- Abbreviation: PPP
- President: Roy Ryan A. Rigor II
- Sector(s) represented: Fisherfolk
- Founded: December 20, 2019; 6 years ago
- COMELEC accreditation: November 30, 2023; 2 years ago
- Headquarters: Davao City
- Colors: Red, Blue
- Slogan: Ato ni Bai

Current representation (20th Congress);
- Seats in the House of Representatives: 1 / 3 (Out of 63 party-list seats)
- Representative(s): Harold Duterte

Website
- www.pwersangpilipinongpandagat.com

= Puwersa ng Pilipinong Pandagat =

Philippine sectoral organization representing fisherfolks

Puwersa ng Pilipinong Pandagat (PPP; lit. 'Filipino maritime force') is a political organization seeking party-list representation in the House of Representatives of the Philippines. The seek to represent the interest of fisherfolks and is aligned with the Duterte family.

==History==
Puwersa ng Pilipinong Pandagat was established as an advocacy group on December 20, 2019 in Davao City as a response to the 2019 Davao del Sur earthquake. It was founded by a group led by Roy Ryan II A. Rigor, PPP's eventual president. PPP was then granted accreditation by the Commission on Election as a sectoral organization on November 30, 2023.

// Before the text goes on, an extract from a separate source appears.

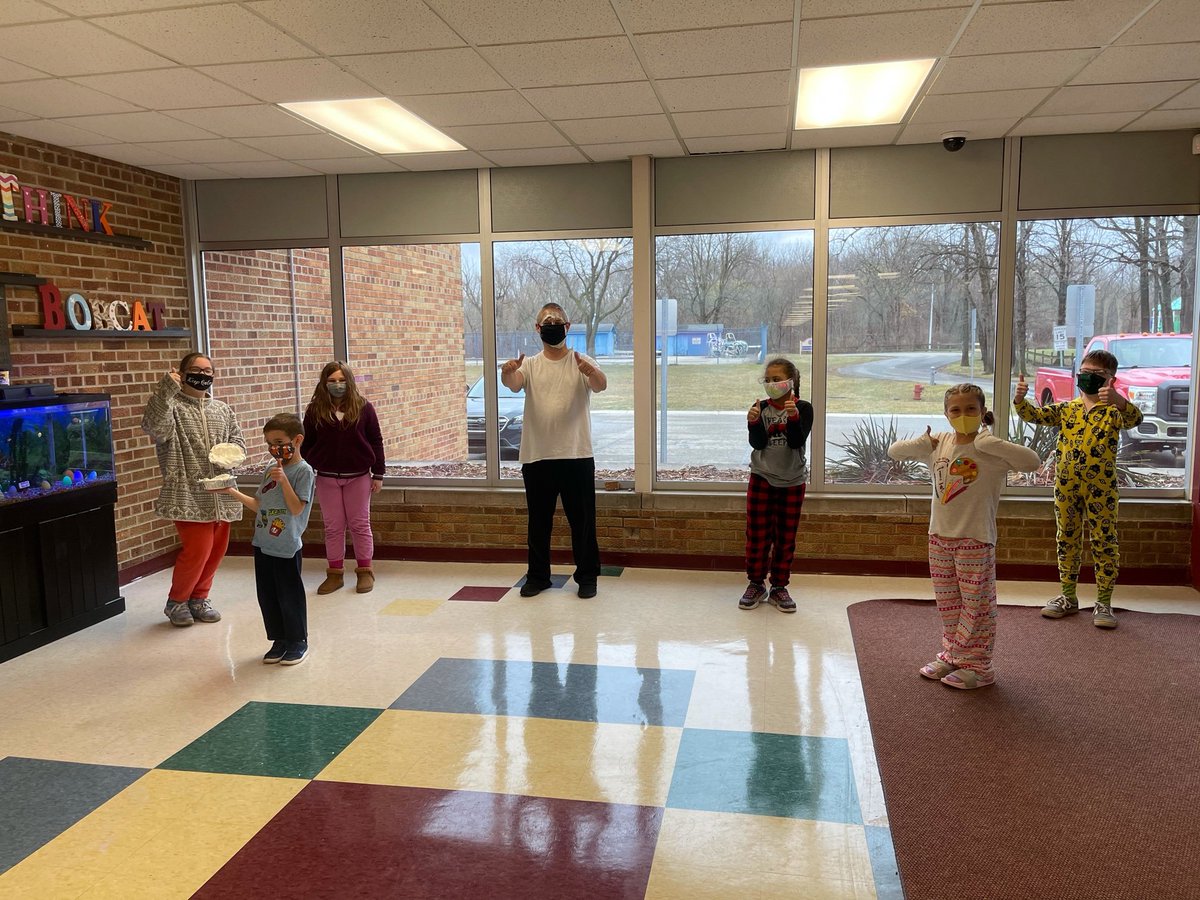 brittmbeaupre's tweet photo. ...and that's a wrap! March is Reading Month was a huge success! Thankful for my partner in crime, @ncollini123, for helping make this a success for @BotsfordElem 📚🙌 Here are our 6 MVP Readers! Great job, Bobcats! #CSD_AllMeansAll https://t.co/hT37yzq0wE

PPP contested at the 2025 election. Naming fisherfolks as the sector they represent, PPP are backed by the Duterte political family including former president Rodrigo Duterte and vice president Sara Duterte. The first nominee is Harold Duterte, a cousin of Sara Matthew Bryan Lim, the second nominee is an ally of Paolo Duterte.

==Electoral performance==

| Election | Votes | % | Seats |
|---|---|---|---|
| 2025 | 575,762 | 1.37 | 1 / 63 |

== Representatives to Congress ==

| Period | Representative |
| 20th Congress 2025–2028 | Harold Duterte |
Note: A party-list group, can win a maximum of three seats in the House of Representatives.